## WORK TO COMPLETE
Write out again the lines from the line with "Binantone Jug/Kettle - Cej - 1780" up to and including the line with "Islamic Political Ideologies", exactly as they stand below, and skip any picture.

## THE INPUT
##########

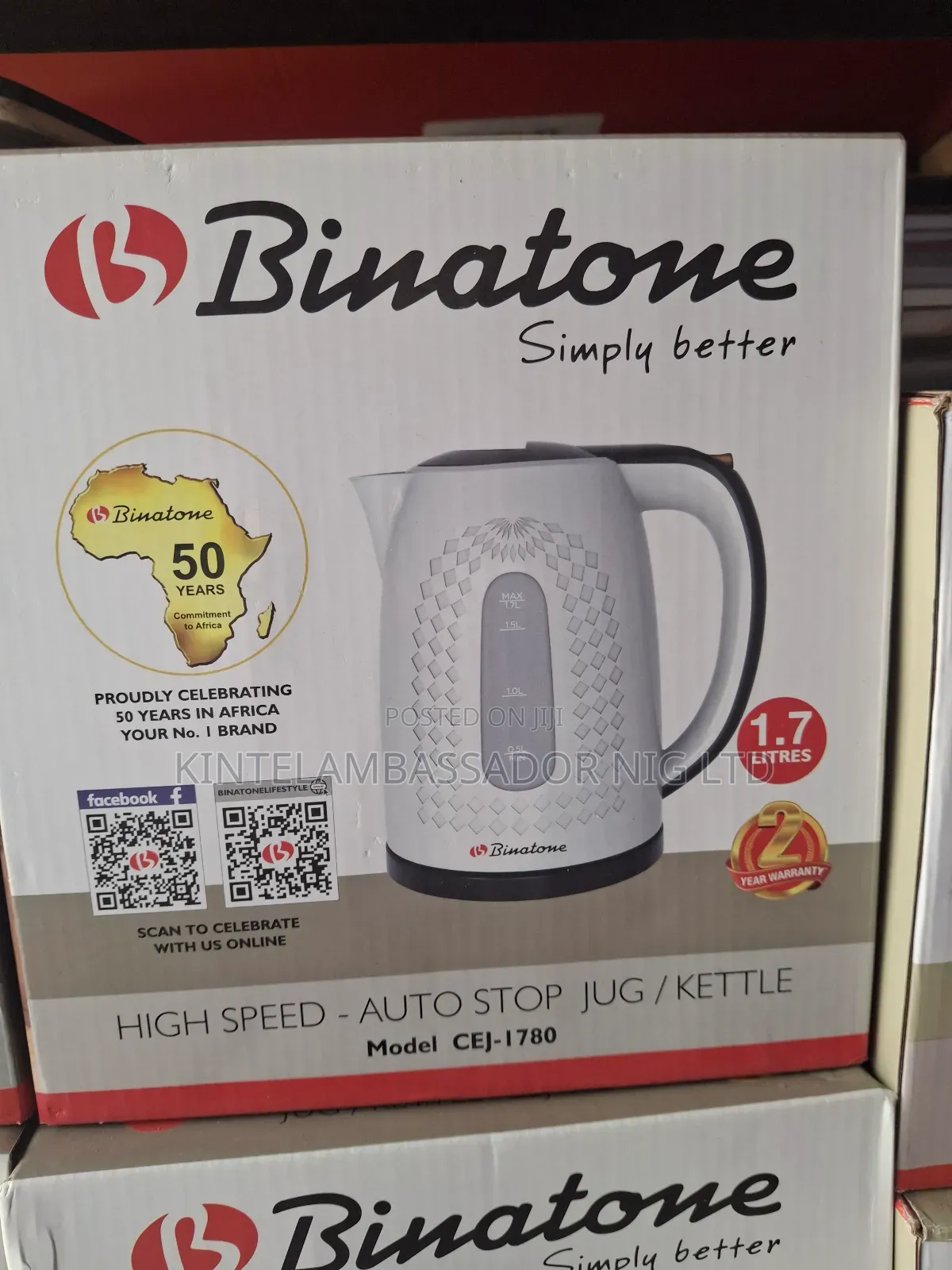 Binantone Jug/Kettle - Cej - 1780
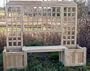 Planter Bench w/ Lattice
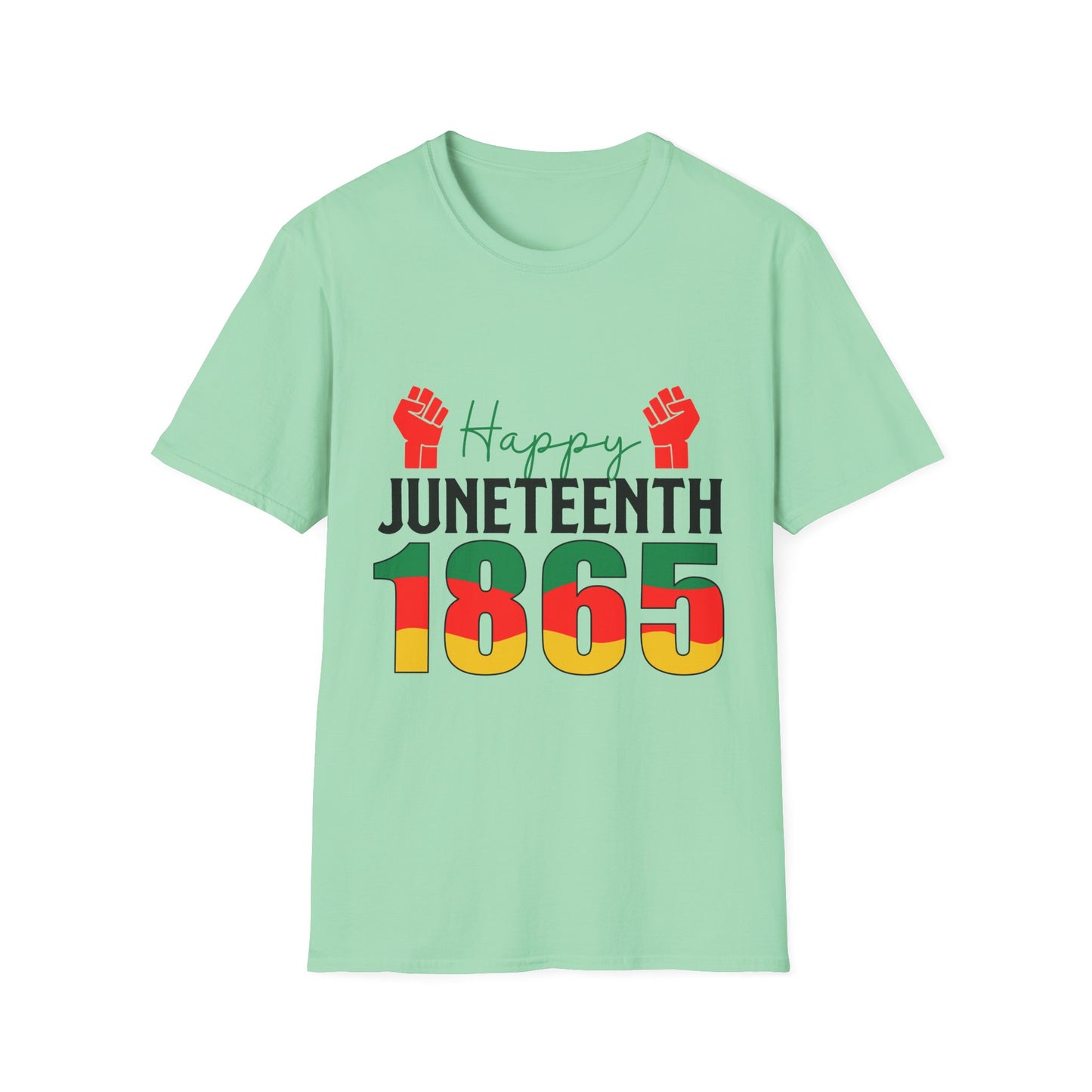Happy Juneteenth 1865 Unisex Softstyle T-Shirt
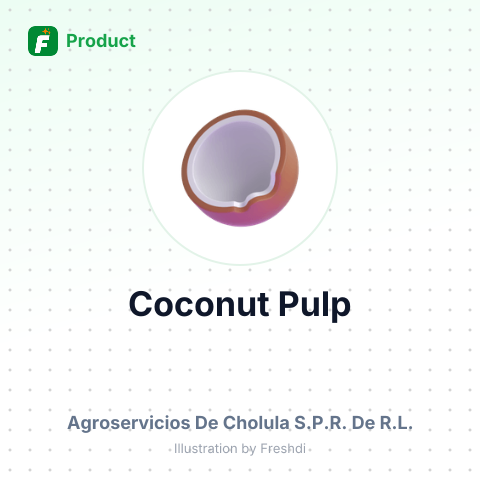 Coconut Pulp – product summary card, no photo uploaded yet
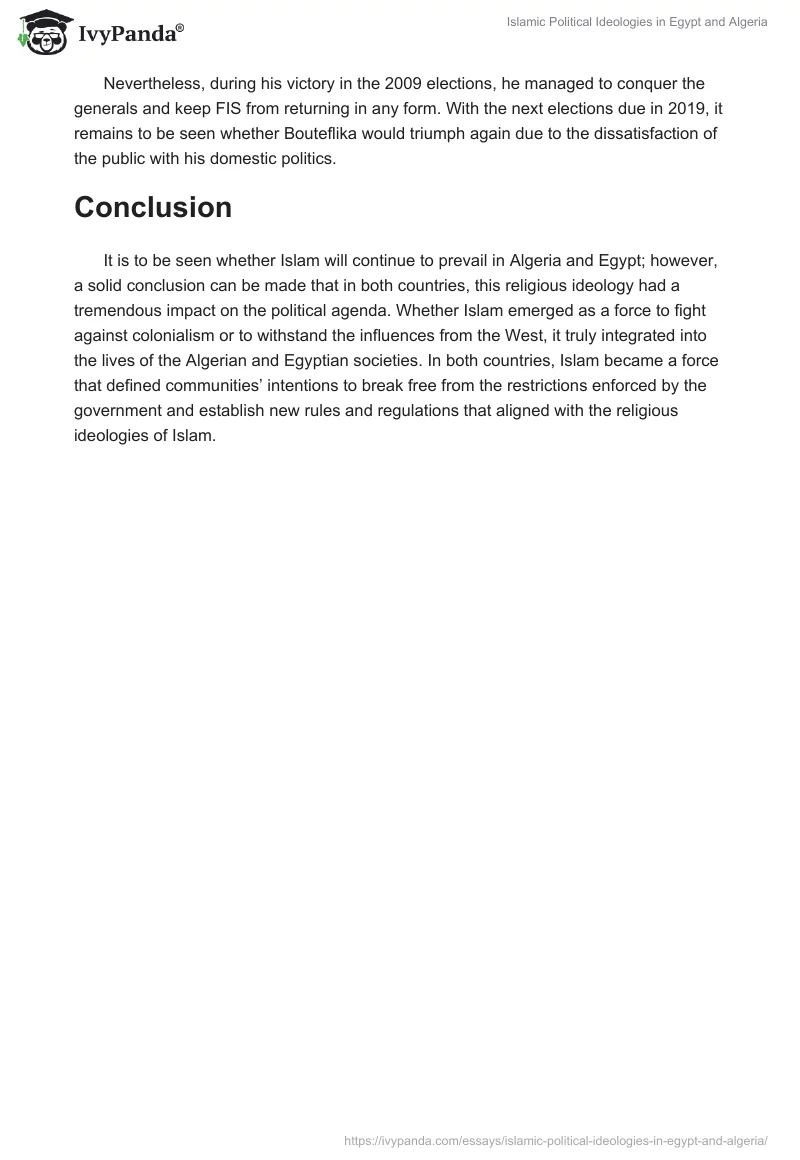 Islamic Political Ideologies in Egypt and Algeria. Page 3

##########

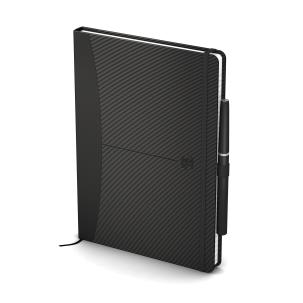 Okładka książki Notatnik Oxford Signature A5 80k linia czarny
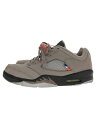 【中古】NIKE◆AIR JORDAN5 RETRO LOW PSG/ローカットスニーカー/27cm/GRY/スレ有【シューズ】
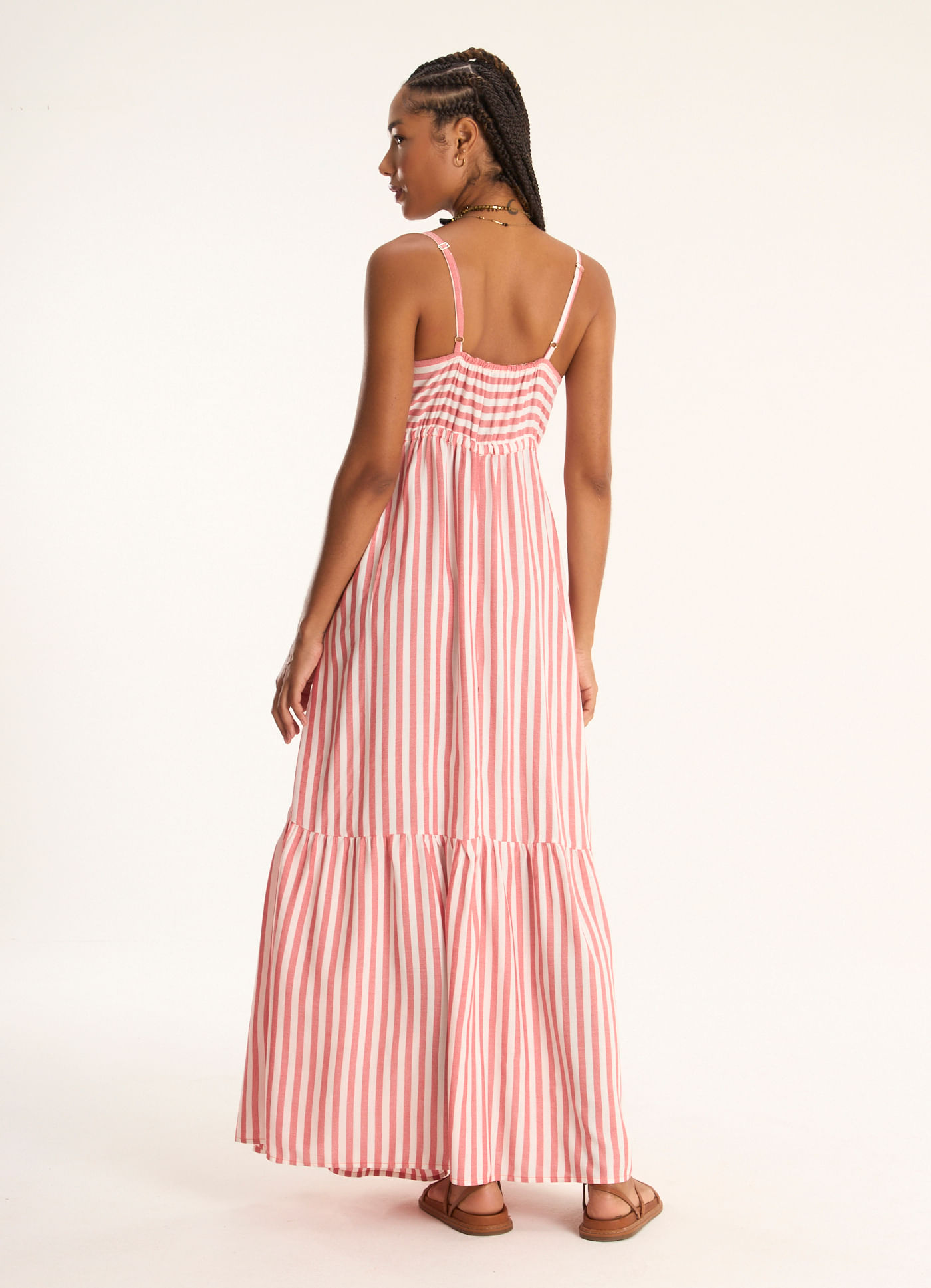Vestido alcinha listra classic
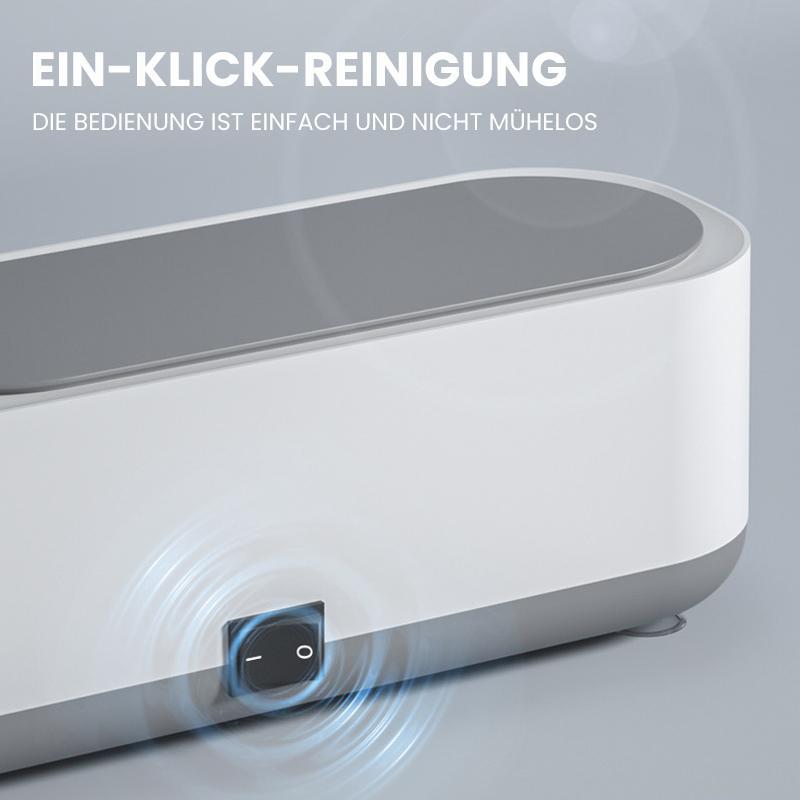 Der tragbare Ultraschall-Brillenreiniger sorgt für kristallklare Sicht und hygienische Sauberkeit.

##########

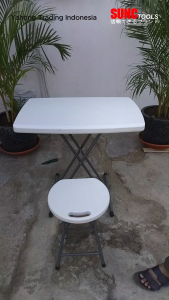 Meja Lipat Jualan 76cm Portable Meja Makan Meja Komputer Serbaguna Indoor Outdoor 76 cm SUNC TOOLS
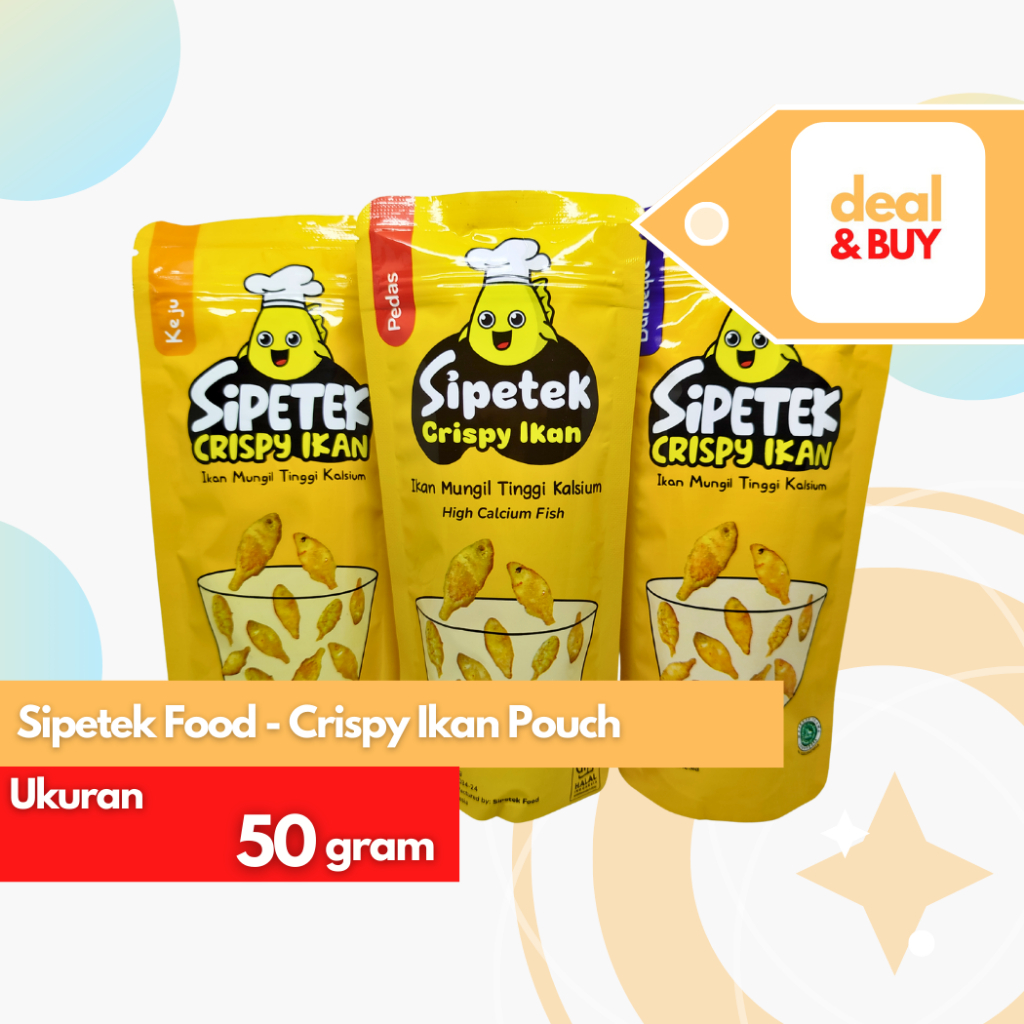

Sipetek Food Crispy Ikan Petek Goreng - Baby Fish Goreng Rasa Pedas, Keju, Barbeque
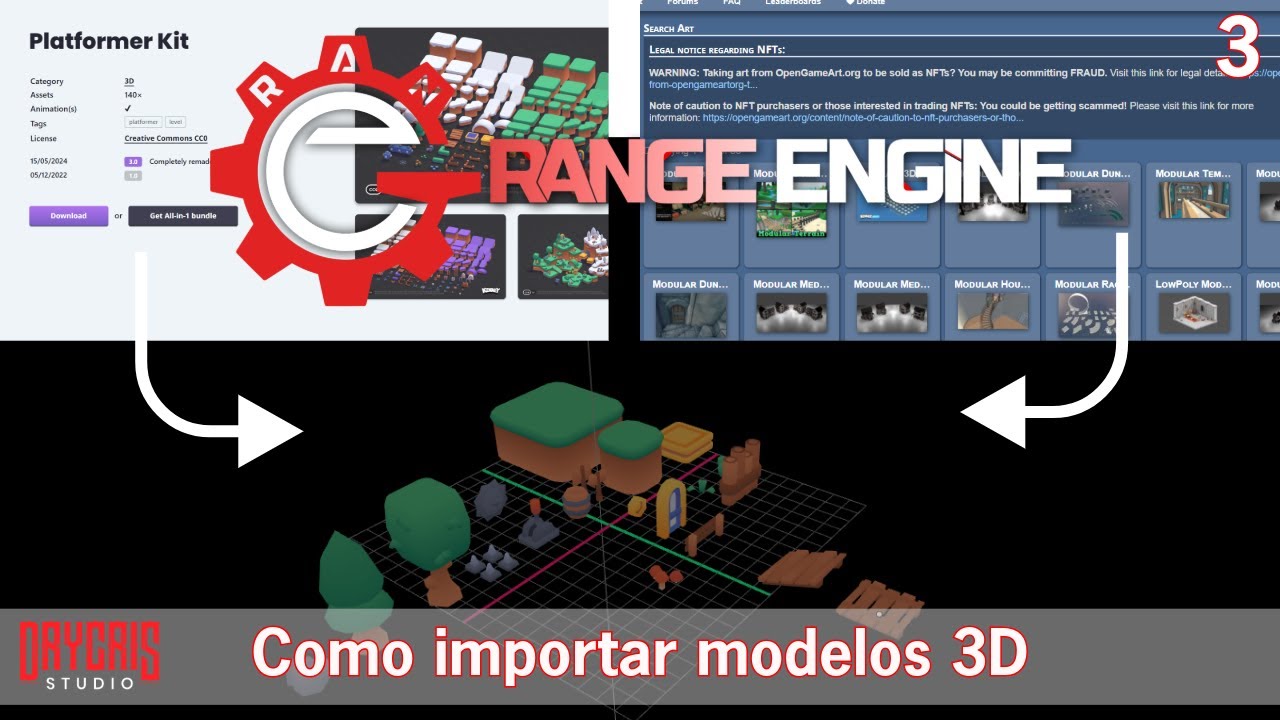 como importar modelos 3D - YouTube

##########

## ANSWER TO THIS EXERCISE
 Binantone Jug/Kettle - Cej - 1780
 Planter Bench w/ Lattice
Happy Juneteenth 1865 Unisex Softstyle T-Shirt
 Coconut Pulp – product summary card, no photo uploaded yet
 Islamic Political Ideologies in Egypt and Algeria. Page 3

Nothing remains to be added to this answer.